== Problem requirements ==
Each entry must be copied exactly, without omission.
-- Data provided follows --
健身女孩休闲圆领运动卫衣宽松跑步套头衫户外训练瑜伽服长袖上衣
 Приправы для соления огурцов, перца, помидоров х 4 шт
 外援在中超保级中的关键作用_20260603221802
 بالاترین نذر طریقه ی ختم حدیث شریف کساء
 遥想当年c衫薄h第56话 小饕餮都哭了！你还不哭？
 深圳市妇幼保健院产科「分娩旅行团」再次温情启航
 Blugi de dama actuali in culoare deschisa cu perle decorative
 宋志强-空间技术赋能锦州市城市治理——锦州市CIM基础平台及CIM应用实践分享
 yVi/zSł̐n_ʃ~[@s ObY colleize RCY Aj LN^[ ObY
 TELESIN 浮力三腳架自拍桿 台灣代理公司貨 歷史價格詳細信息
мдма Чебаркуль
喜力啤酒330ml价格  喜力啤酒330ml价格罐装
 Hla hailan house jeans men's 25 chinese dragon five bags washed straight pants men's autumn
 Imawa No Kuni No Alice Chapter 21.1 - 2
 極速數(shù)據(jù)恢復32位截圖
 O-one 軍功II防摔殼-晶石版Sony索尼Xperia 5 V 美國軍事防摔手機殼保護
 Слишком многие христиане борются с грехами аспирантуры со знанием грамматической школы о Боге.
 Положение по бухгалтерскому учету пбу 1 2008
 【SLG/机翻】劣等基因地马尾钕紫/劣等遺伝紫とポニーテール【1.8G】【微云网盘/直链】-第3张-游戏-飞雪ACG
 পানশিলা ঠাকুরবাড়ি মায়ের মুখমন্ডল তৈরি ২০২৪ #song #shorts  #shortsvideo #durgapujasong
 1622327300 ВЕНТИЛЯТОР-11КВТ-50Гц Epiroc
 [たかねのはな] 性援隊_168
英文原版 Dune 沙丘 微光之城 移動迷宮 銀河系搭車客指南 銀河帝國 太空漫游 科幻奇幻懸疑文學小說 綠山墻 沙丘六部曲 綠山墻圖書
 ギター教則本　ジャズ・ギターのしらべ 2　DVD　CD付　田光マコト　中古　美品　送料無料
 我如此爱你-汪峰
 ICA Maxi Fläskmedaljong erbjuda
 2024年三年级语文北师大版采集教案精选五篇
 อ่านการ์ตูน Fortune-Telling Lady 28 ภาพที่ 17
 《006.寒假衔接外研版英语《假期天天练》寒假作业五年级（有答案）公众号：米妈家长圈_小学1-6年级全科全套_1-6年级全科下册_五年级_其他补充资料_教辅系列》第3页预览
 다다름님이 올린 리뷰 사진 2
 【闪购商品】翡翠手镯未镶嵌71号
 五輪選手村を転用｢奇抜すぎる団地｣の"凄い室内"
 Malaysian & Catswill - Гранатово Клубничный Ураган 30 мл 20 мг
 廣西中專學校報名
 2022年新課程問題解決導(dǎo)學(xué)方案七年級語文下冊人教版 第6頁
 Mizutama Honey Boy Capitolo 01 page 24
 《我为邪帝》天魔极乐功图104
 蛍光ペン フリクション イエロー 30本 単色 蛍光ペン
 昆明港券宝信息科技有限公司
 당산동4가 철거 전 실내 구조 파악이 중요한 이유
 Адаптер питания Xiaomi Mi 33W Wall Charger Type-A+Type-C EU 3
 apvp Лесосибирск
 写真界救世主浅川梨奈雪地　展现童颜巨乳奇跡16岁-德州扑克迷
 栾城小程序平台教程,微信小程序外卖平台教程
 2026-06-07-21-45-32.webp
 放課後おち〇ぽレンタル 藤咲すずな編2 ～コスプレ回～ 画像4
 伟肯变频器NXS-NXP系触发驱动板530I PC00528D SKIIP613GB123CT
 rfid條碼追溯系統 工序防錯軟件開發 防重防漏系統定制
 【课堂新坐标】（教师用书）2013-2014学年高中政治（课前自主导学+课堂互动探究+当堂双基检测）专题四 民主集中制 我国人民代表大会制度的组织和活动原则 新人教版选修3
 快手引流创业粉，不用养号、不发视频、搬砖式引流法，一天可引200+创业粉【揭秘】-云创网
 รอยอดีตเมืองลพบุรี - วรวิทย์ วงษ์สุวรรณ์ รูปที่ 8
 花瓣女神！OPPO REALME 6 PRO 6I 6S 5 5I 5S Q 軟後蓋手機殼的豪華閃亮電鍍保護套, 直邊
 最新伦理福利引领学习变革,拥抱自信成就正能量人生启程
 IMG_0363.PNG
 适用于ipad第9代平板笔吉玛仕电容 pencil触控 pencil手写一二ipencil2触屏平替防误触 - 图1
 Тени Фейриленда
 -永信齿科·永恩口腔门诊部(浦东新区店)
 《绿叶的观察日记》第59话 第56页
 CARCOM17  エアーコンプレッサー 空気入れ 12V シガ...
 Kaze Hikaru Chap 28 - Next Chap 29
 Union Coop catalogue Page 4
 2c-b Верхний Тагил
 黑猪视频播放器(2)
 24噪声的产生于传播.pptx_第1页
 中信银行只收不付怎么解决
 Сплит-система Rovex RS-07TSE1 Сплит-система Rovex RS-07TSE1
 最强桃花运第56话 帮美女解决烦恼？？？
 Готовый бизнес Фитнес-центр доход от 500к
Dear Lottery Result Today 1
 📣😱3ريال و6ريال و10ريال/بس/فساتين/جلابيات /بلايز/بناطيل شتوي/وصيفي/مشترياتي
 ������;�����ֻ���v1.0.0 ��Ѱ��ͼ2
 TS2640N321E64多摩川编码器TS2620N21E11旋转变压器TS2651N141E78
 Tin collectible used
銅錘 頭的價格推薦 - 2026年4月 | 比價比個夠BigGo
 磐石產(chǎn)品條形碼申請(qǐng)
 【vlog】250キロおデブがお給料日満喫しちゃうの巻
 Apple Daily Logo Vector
-- Data provided concluded --
== Expected answer ==
健身女孩休闲圆领运动卫衣宽松跑步套头衫户外训练瑜伽服长袖上衣
 Приправы для соления огурцов, перца, помидоров х 4 шт
 外援在中超保级中的关键作用_20260603221802
 بالاترین نذر طریقه ی ختم حدیث شریف کساء
 遥想当年c衫薄h第56话 小饕餮都哭了！你还不哭？
 深圳市妇幼保健院产科「分娩旅行团」再次温情启航
 Blugi de dama actuali in culoare deschisa cu perle decorative
 宋志强-空间技术赋能锦州市城市治理——锦州市CIM基础平台及CIM应用实践分享
 yVi/zSł̐n_ʃ~[@s ObY colleize RCY Aj LN^[ ObY
 TELESIN 浮力三腳架自拍桿 台灣代理公司貨 歷史價格詳細信息
мдма Чебаркуль
喜力啤酒330ml价格  喜力啤酒330ml价格罐装
 Hla hailan house jeans men's 25 chinese dragon five bags washed straight pants men's autumn
 Imawa No Kuni No Alice Chapter 21.1 - 2
 極速數(shù)據(jù)恢復32位截圖
 O-one 軍功II防摔殼-晶石版Sony索尼Xperia 5 V 美國軍事防摔手機殼保護
 Слишком многие христиане борются с грехами аспирантуры со знанием грамматической школы о Боге.
 Положение по бухгалтерскому учету пбу 1 2008
 【SLG/机翻】劣等基因地马尾钕紫/劣等遺伝紫とポニーテール【1.8G】【微云网盘/直链】-第3张-游戏-飞雪ACG
 পানশিলা ঠাকুরবাড়ি মায়ের মুখমন্ডল তৈরি ২০২৪ #song #shorts  #shortsvideo #durgapujasong
 1622327300 ВЕНТИЛЯТОР-11КВТ-50Гц Epiroc
 [たかねのはな] 性援隊_168
英文原版 Dune 沙丘 微光之城 移動迷宮 銀河系搭車客指南 銀河帝國 太空漫游 科幻奇幻懸疑文學小說 綠山墻 沙丘六部曲 綠山墻圖書
 ギター教則本　ジャズ・ギターのしらべ 2　DVD　CD付　田光マコト　中古　美品　送料無料
 我如此爱你-汪峰
 ICA Maxi Fläskmedaljong erbjuda
 2024年三年级语文北师大版采集教案精选五篇
 อ่านการ์ตูน Fortune-Telling Lady 28 ภาพที่ 17
 《006.寒假衔接外研版英语《假期天天练》寒假作业五年级（有答案）公众号：米妈家长圈_小学1-6年级全科全套_1-6年级全科下册_五年级_其他补充资料_教辅系列》第3页预览
 다다름님이 올린 리뷰 사진 2
 【闪购商品】翡翠手镯未镶嵌71号
 五輪選手村を転用｢奇抜すぎる団地｣の"凄い室内"
 Malaysian & Catswill - Гранатово Клубничный Ураган 30 мл 20 мг
 廣西中專學校報名
 2022年新課程問題解決導(dǎo)學(xué)方案七年級語文下冊人教版 第6頁
 Mizutama Honey Boy Capitolo 01 page 24
 《我为邪帝》天魔极乐功图104
 蛍光ペン フリクション イエロー 30本 単色 蛍光ペン
 昆明港券宝信息科技有限公司
 당산동4가 철거 전 실내 구조 파악이 중요한 이유
 Адаптер питания Xiaomi Mi 33W Wall Charger Type-A+Type-C EU 3
 apvp Лесосибирск
 写真界救世主浅川梨奈雪地　展现童颜巨乳奇跡16岁-德州扑克迷
 栾城小程序平台教程,微信小程序外卖平台教程
 2026-06-07-21-45-32.webp
 放課後おち〇ぽレンタル 藤咲すずな編2 ～コスプレ回～ 画像4
 伟肯变频器NXS-NXP系触发驱动板530I PC00528D SKIIP613GB123CT
 rfid條碼追溯系統 工序防錯軟件開發 防重防漏系統定制
 【课堂新坐标】（教师用书）2013-2014学年高中政治（课前自主导学+课堂互动探究+当堂双基检测）专题四 民主集中制 我国人民代表大会制度的组织和活动原则 新人教版选修3
 快手引流创业粉，不用养号、不发视频、搬砖式引流法，一天可引200+创业粉【揭秘】-云创网
 รอยอดีตเมืองลพบุรี - วรวิทย์ วงษ์สุวรรณ์ รูปที่ 8
 花瓣女神！OPPO REALME 6 PRO 6I 6S 5 5I 5S Q 軟後蓋手機殼的豪華閃亮電鍍保護套, 直邊
 最新伦理福利引领学习变革,拥抱自信成就正能量人生启程
 IMG_0363.PNG
 适用于ipad第9代平板笔吉玛仕电容 pencil触控 pencil手写一二ipencil2触屏平替防误触 - 图1
 Тени Фейриленда
 -永信齿科·永恩口腔门诊部(浦东新区店)
 《绿叶的观察日记》第59话 第56页
 CARCOM17  エアーコンプレッサー 空気入れ 12V シガ...
 Kaze Hikaru Chap 28 - Next Chap 29
 Union Coop catalogue Page 4
 2c-b Верхний Тагил
 黑猪视频播放器(2)
 24噪声的产生于传播.pptx_第1页
 中信银行只收不付怎么解决
 Сплит-система Rovex RS-07TSE1 Сплит-система Rovex RS-07TSE1
 最强桃花运第56话 帮美女解决烦恼？？？
 Готовый бизнес Фитнес-центр доход от 500к
Dear Lottery Result Today 1
 📣😱3ريال و6ريال و10ريال/بس/فساتين/جلابيات /بلايز/بناطيل شتوي/وصيفي/مشترياتي
 ������;�����ֻ���v1.0.0 ��Ѱ��ͼ2
 TS2640N321E64多摩川编码器TS2620N21E11旋转变压器TS2651N141E78
 Tin collectible used
銅錘 頭的價格推薦 - 2026年4月 | 比價比個夠BigGo
 磐石產(chǎn)品條形碼申請(qǐng)
 【vlog】250キロおデブがお給料日満喫しちゃうの巻
 Apple Daily Logo Vector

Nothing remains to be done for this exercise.